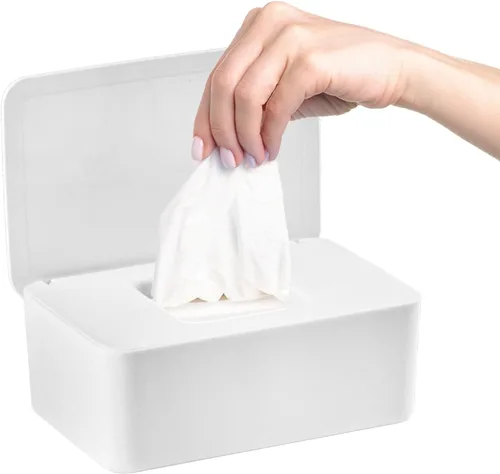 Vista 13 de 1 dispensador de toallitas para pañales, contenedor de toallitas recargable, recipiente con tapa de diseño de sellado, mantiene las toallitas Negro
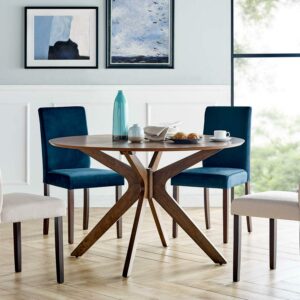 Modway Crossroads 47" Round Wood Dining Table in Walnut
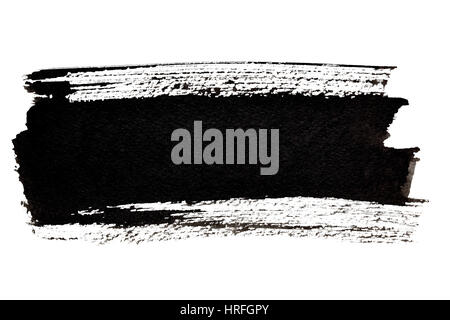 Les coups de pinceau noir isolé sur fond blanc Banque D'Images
--
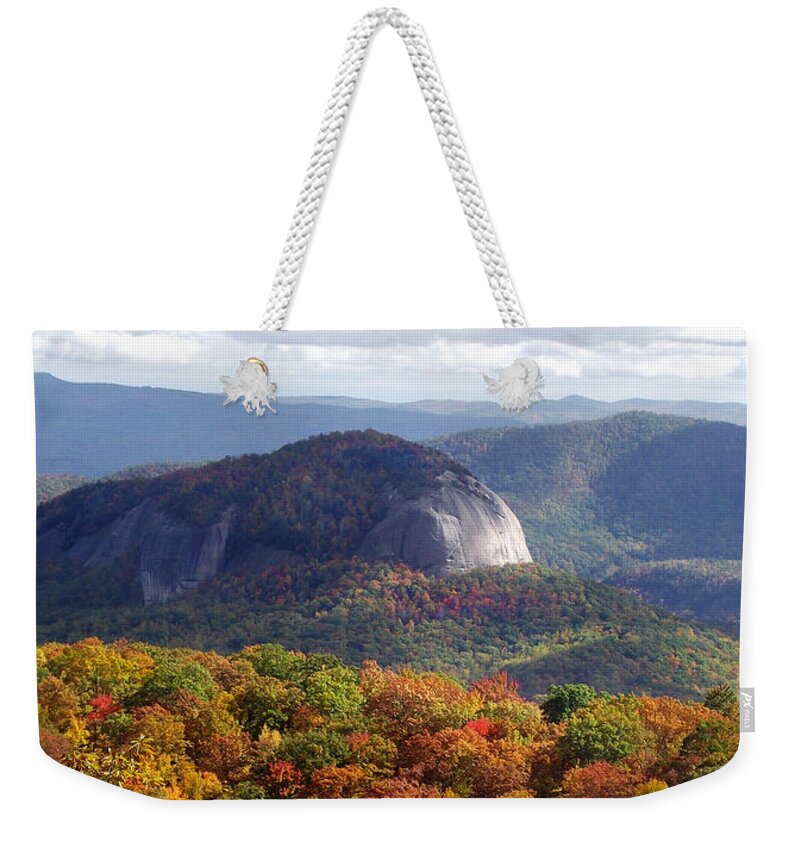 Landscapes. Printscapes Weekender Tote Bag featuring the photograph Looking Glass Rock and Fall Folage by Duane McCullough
==
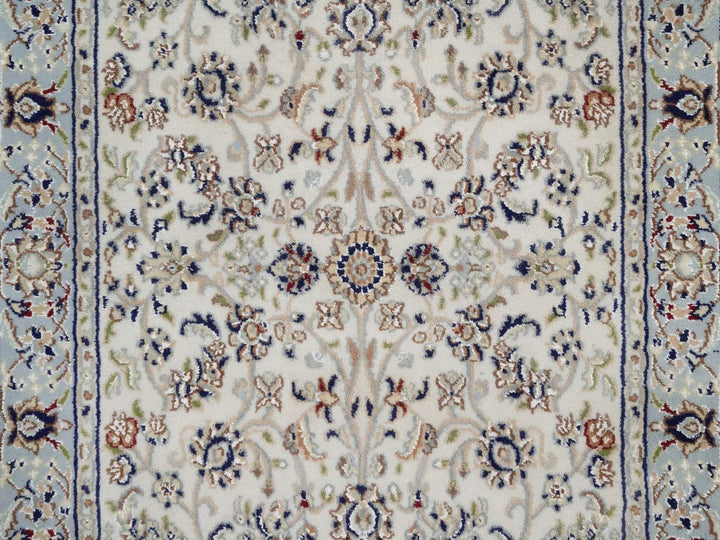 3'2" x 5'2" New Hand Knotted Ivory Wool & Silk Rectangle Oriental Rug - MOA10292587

* [Assigned task]:
Here the job is to copy the listing above word for word, starting at the line with "Vista 13 de" and ending at the line with "Les coups de", and to leave out the pictures.

* [Solution to this task]:
 Vista 13 de 1 dispensador de toallitas para pañales, contenedor de toallitas recargable, recipiente con tapa de diseño de sellado, mantiene las toallitas Negro
 Modway Crossroads 47" Round Wood Dining Table in Walnut
 Les coups de pinceau noir isolé sur fond blanc Banque D'Images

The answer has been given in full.